**Records shown**.
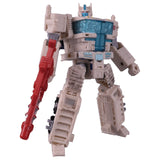 Transformers War for Cybertron Siege Leader Ultra Magnus Inner Robot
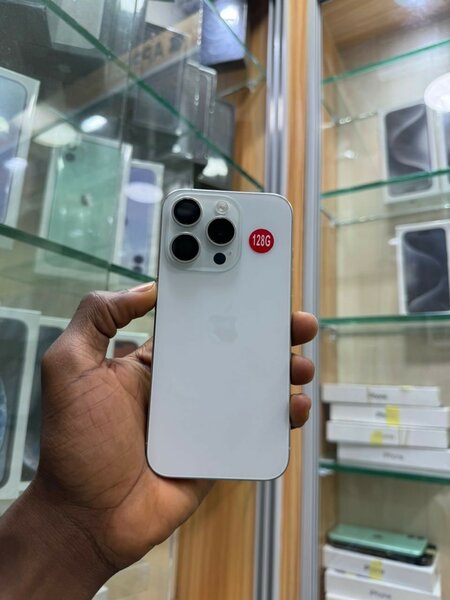 iphone 15 pro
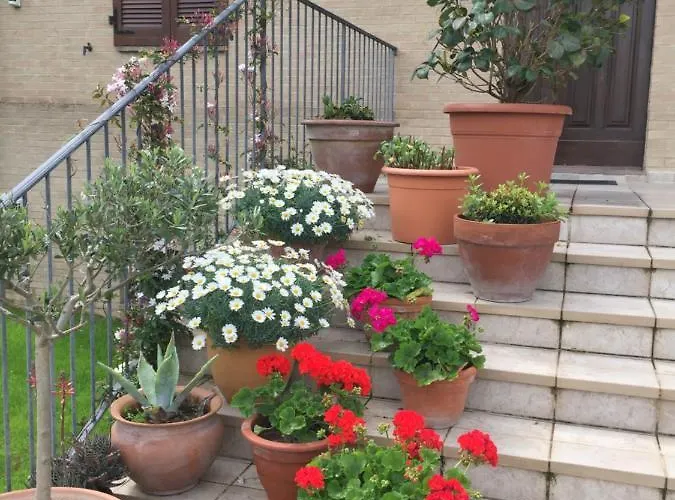 Venkovský dům Cecalina *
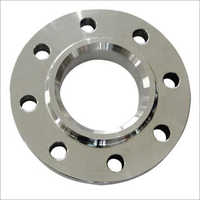 Tank Flanges - Stainless Steel, Various Dimensions | Polished Finish, Ansi Pressure Rating, 8 Bolt Holes, Rust Resistant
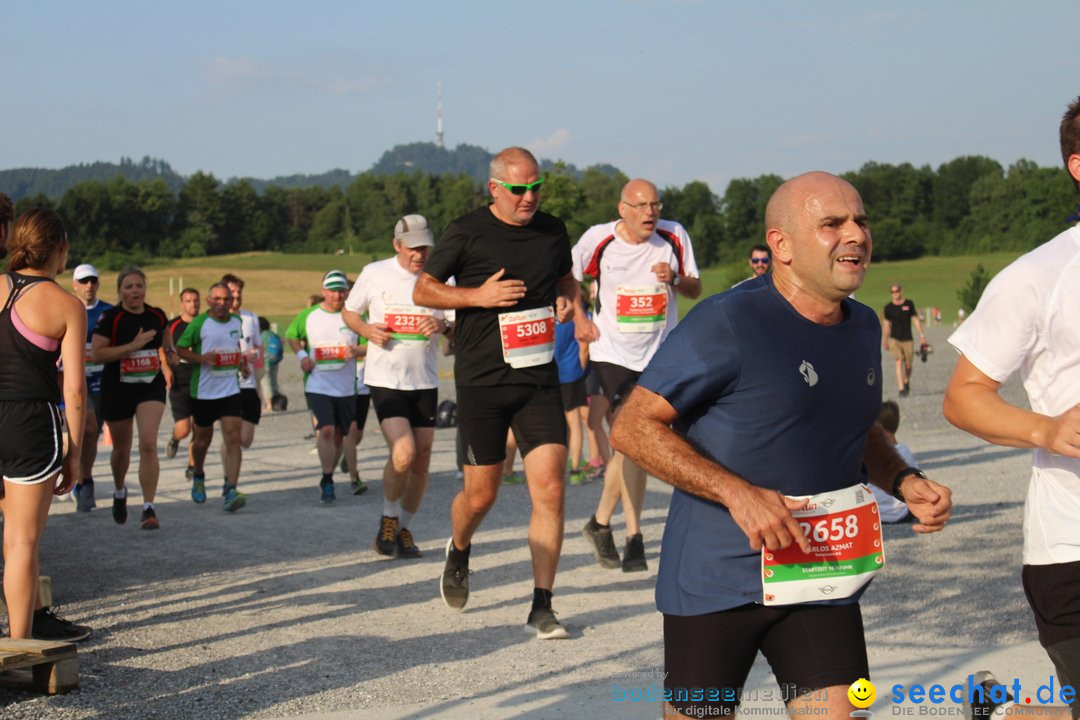 B2RUN schweizer Firmenlauf: Bern, 02.07.2019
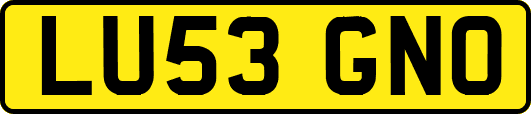LU53GNO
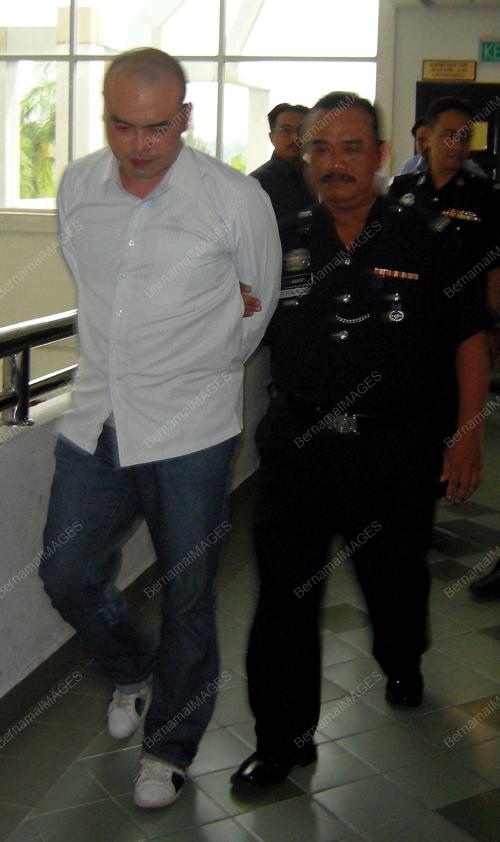 MAHKAMAH TINGGI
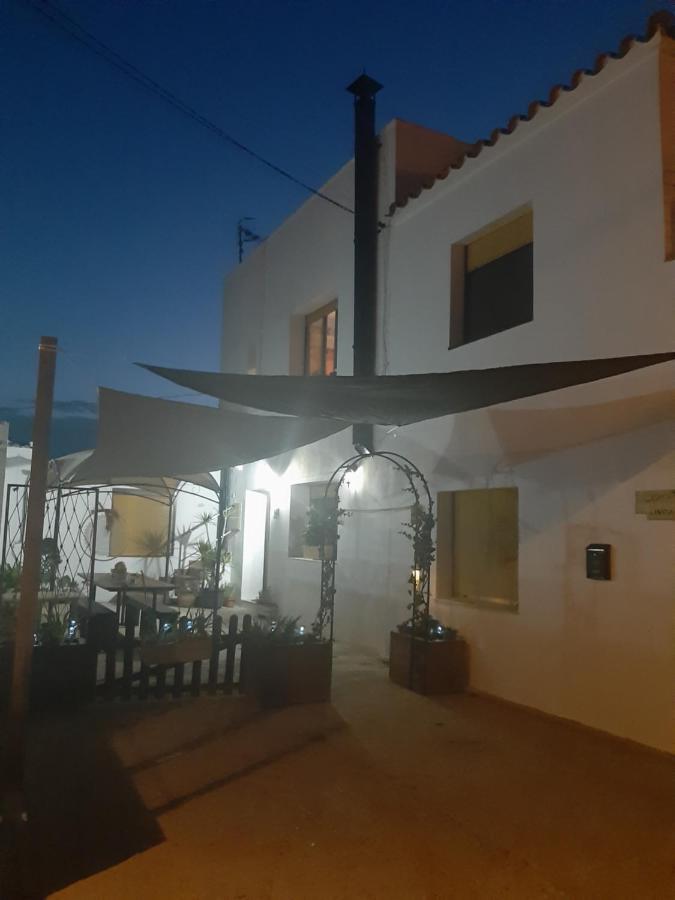 Villa Casa Linda à Deltebre Extérieur photo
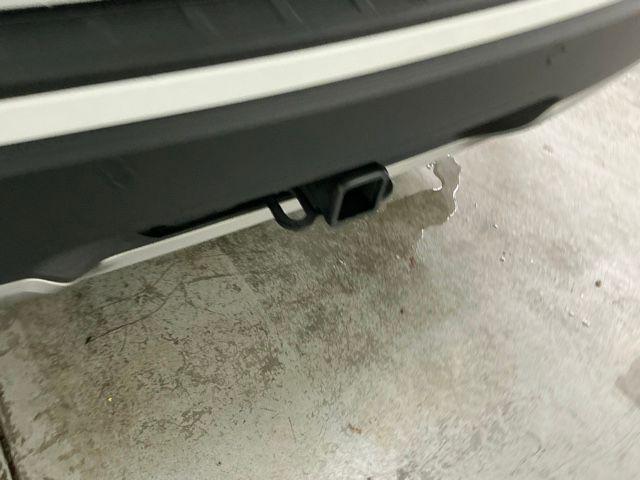 used 2025 Ford Explorer car, priced at $30,464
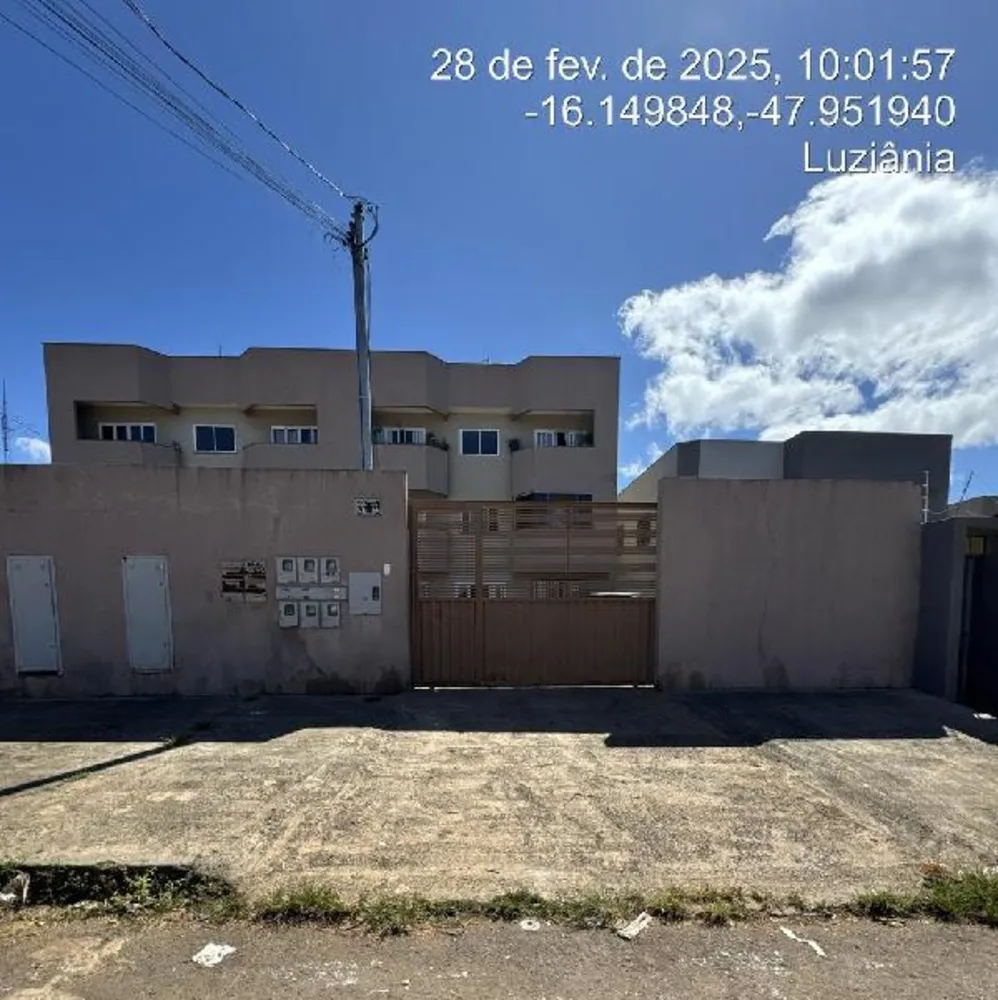 Apartamento, 2 quartos - Foto 1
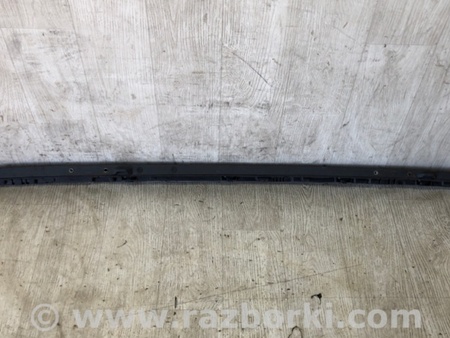 ФОТО Рейлінги для Jeep Compass (17-21) Київ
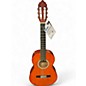 Used Valencia D9 Natural Classical Acoustic Guitar thumbnail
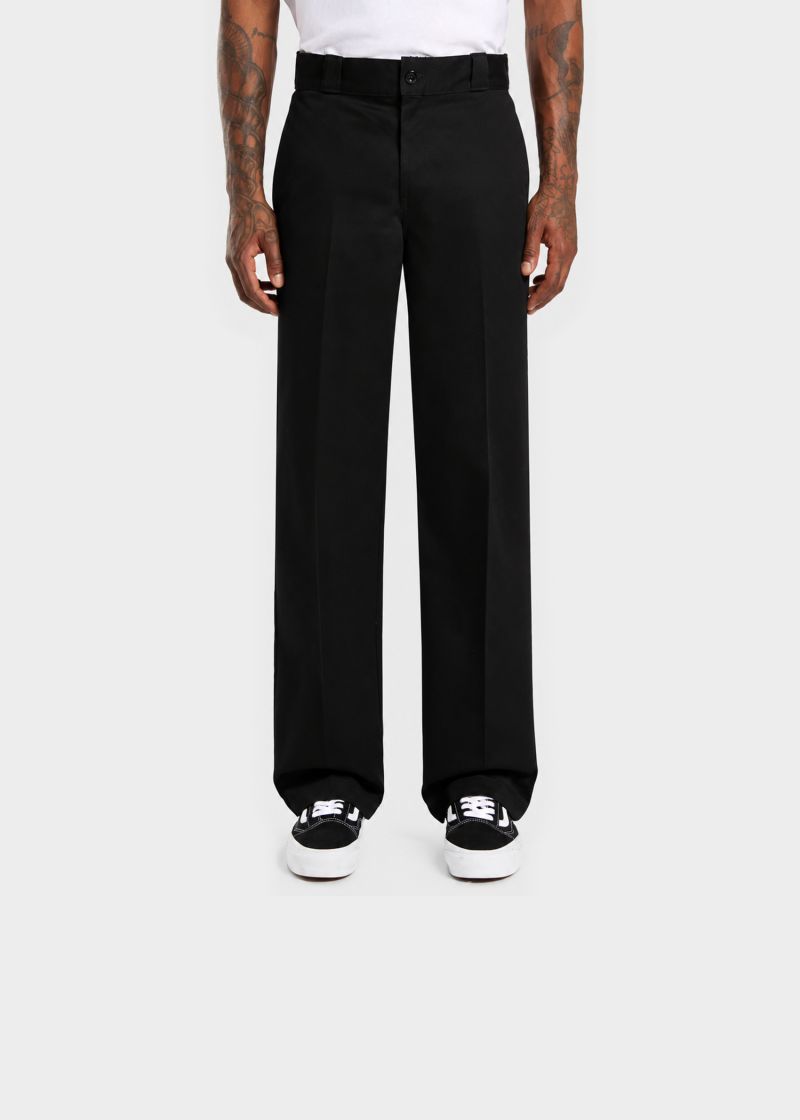 PANT 247 REGULAR WORK 2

**What needs to be done**. Those lines of the records above that run from the one containing "Tank Flanges - Stainless" through the one containing "ФОТО Рейлінги для Jeep Compass (17-21) Київ" should be returned exactly, with no pictures among them.

**Task result**.
 Tank Flanges - Stainless Steel, Various Dimensions | Polished Finish, Ansi Pressure Rating, 8 Bolt Holes, Rust Resistant
 B2RUN schweizer Firmenlauf: Bern, 02.07.2019
LU53GNO
 MAHKAMAH TINGGI
 Villa Casa Linda à Deltebre Extérieur photo
 used 2025 Ford Explorer car, priced at $30,464
 Apartamento, 2 quartos - Foto 1
 ФОТО Рейлінги для Jeep Compass (17-21) Київ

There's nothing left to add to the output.